*** RECORDS SHOWN Section Begins ***

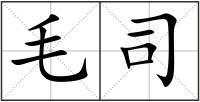 毛司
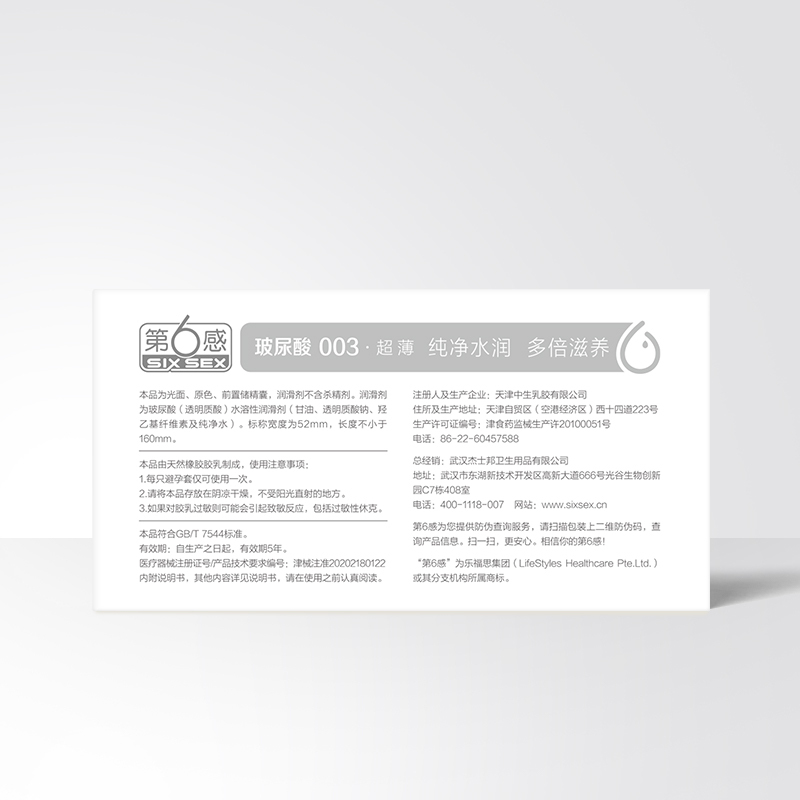 第六感003玻尿酸10只[❤推荐款]纯面膜级玻尿酸48只避孕安全套男女士专用调情超薄裸入官方正品旗舰店套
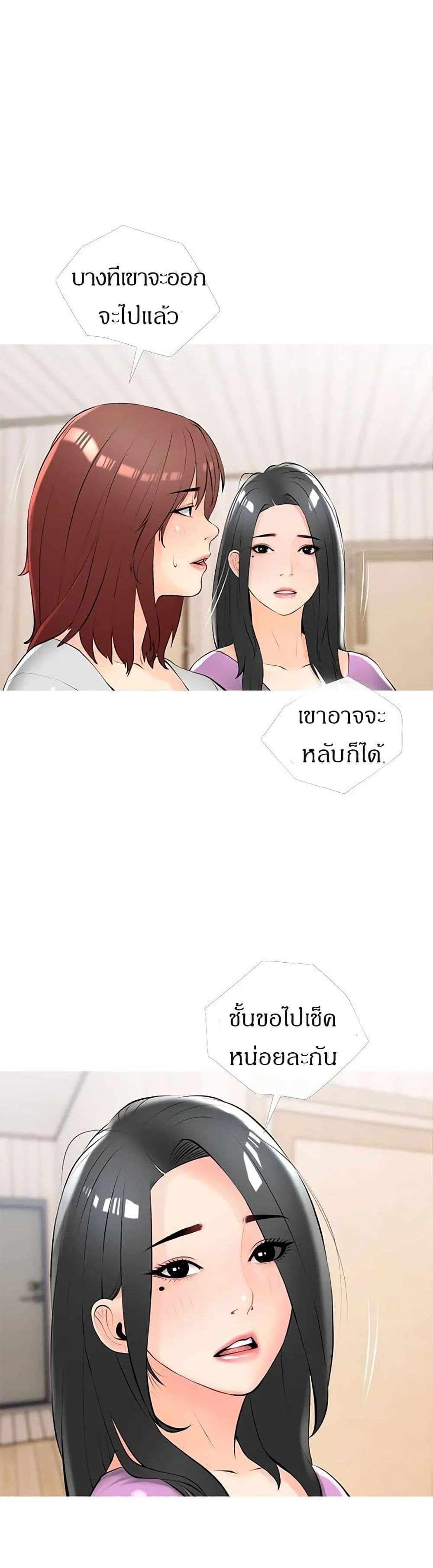 Obscene Private Lesson ติวเตอร์สุดหื่น – Obscene Private Lesson ติวเตอร์สุดหื่น – ตอนที่ 22 หน้า 28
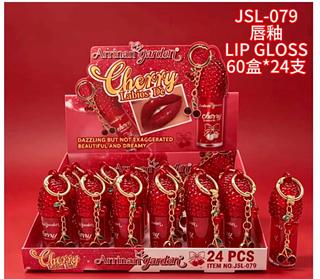 Lip gloss /24pcs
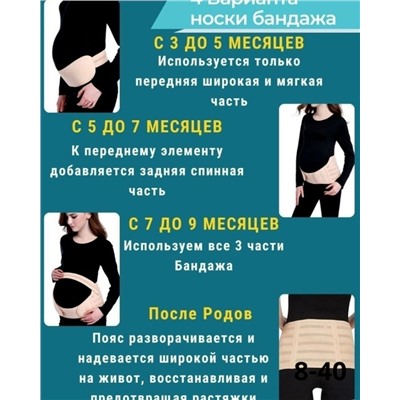 Корсет #23100434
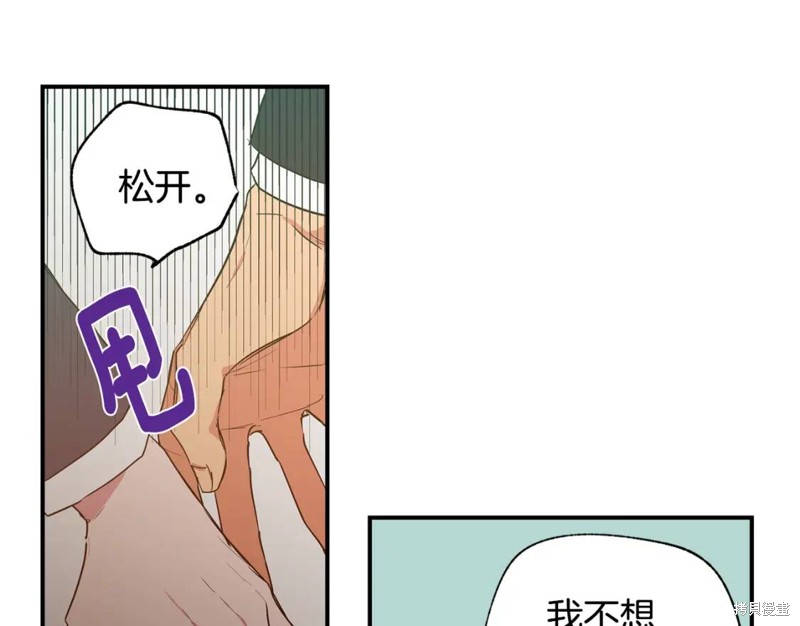 第13话35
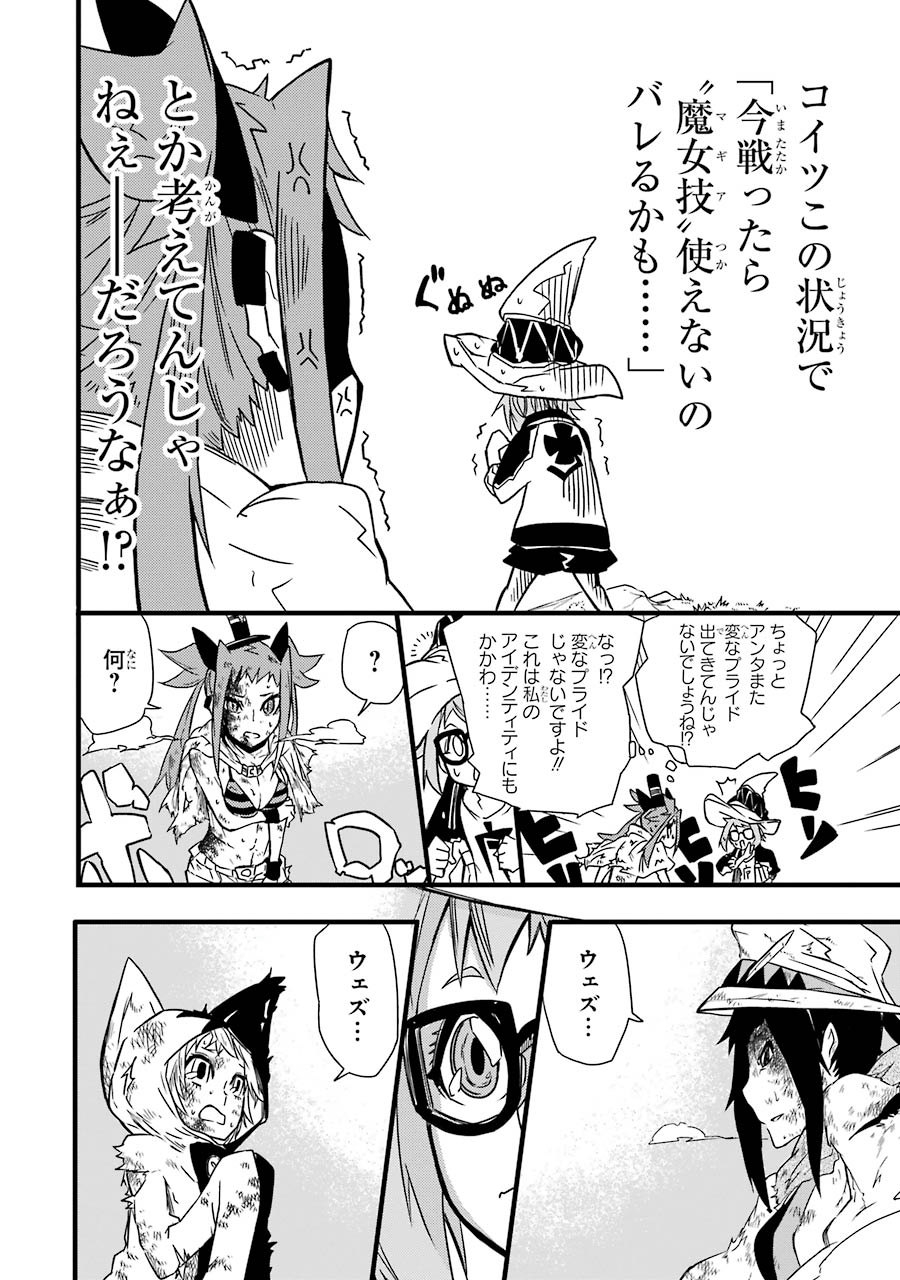 Majo no Sekai de Saikyou nano wa Butsuri desu ga Nani ka? - Chapter 1 - Page 28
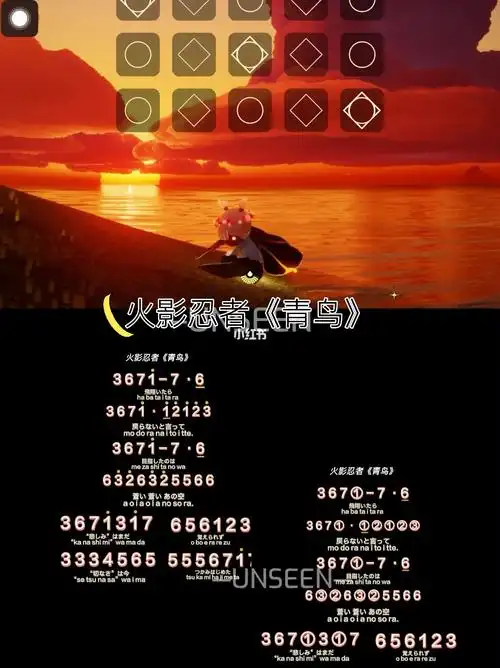 火影忍者《青鸟》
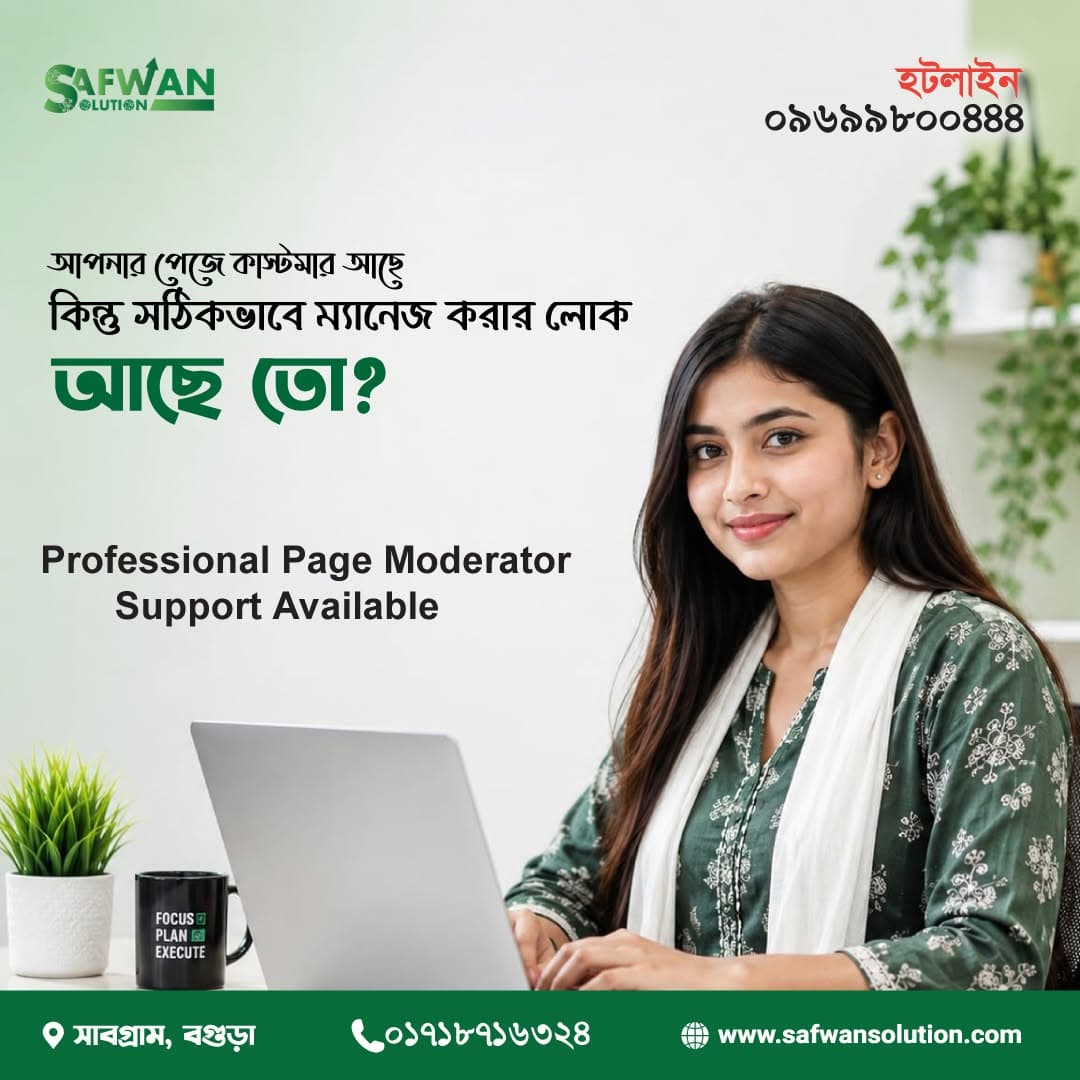 Page Moderation and Call Center Support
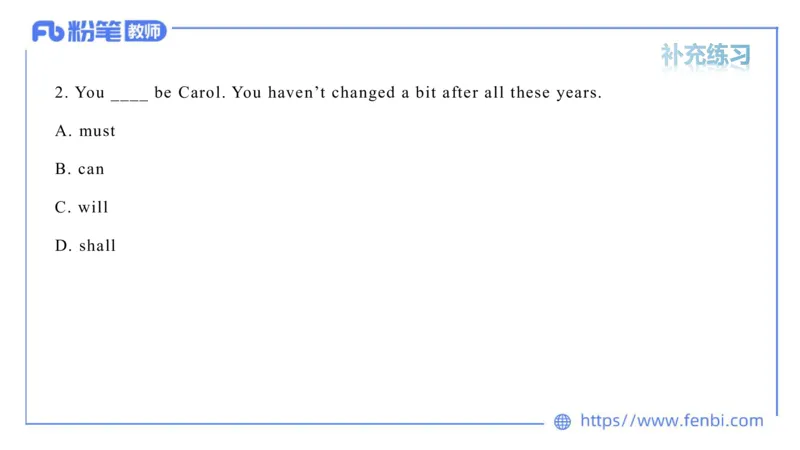 2023.6.16-科目三理论精讲-词法4-慕伊_4-教培资料-26年最新资料-同步更新_科一科二电子资料合集中小幼（笔记真题知识点汇总等）文件多，按需保存_各机构笔记合集（中小幼）推荐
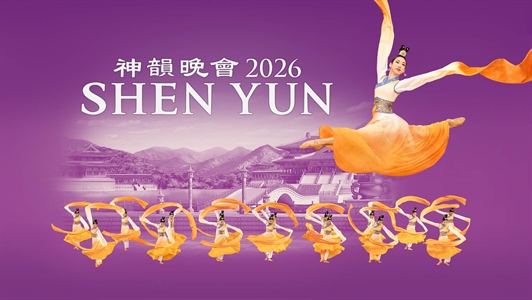 Shen Yun 2026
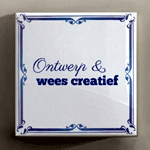 Own Design Tile | Tegeltjes.com
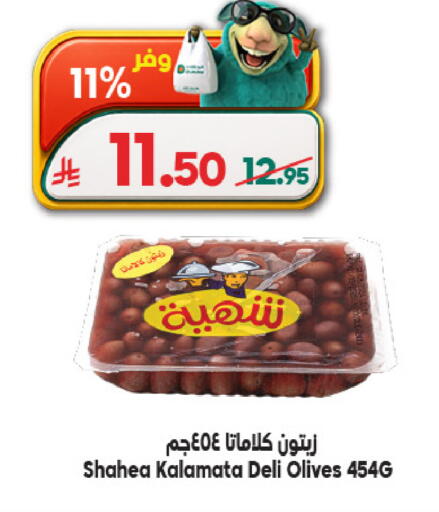available at الدكان in مملكة العربية السعودية, السعودية, سعودية - المدينة المنورة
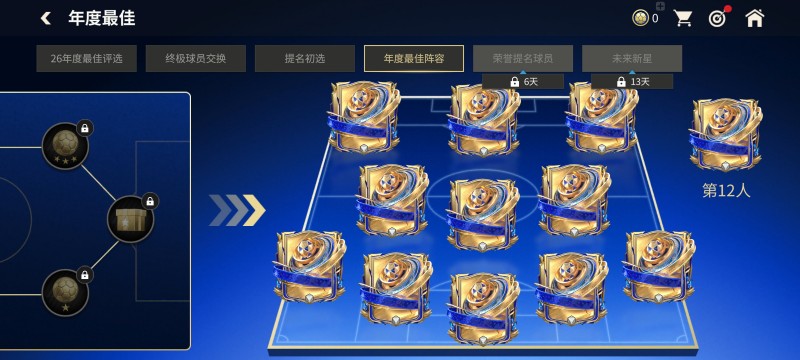 年度最佳阵容章节更新，年度最佳传奇球员登场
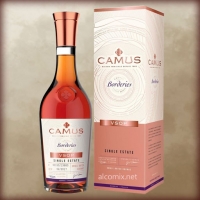 Camus VSOP Borderies 0.7L (Камю ВСОП Бордери 0.7л)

*** RECORDS SHOWN Section Ends ***

[REQUIRED WORK]
Make an exact copy of only those lines that run from the line with "Корсет #23100434" through the end of the records, excluding pictures.

[WRITTEN REPLY]
 Корсет #23100434
 第13话35
 Majo no Sekai de Saikyou nano wa Butsuri desu ga Nani ka? - Chapter 1 - Page 28
 火影忍者《青鸟》
 Page Moderation and Call Center Support
 2023.6.16-科目三理论精讲-词法4-慕伊_4-教培资料-26年最新资料-同步更新_科一科二电子资料合集中小幼（笔记真题知识点汇总等）文件多，按需保存_各机构笔记合集（中小幼）推荐
 Shen Yun 2026
 Own Design Tile | Tegeltjes.com
available at الدكان in مملكة العربية السعودية, السعودية, سعودية - المدينة المنورة
 年度最佳阵容章节更新，年度最佳传奇球员登场
 Camus VSOP Borderies 0.7L (Камю ВСОП Бордери 0.7л)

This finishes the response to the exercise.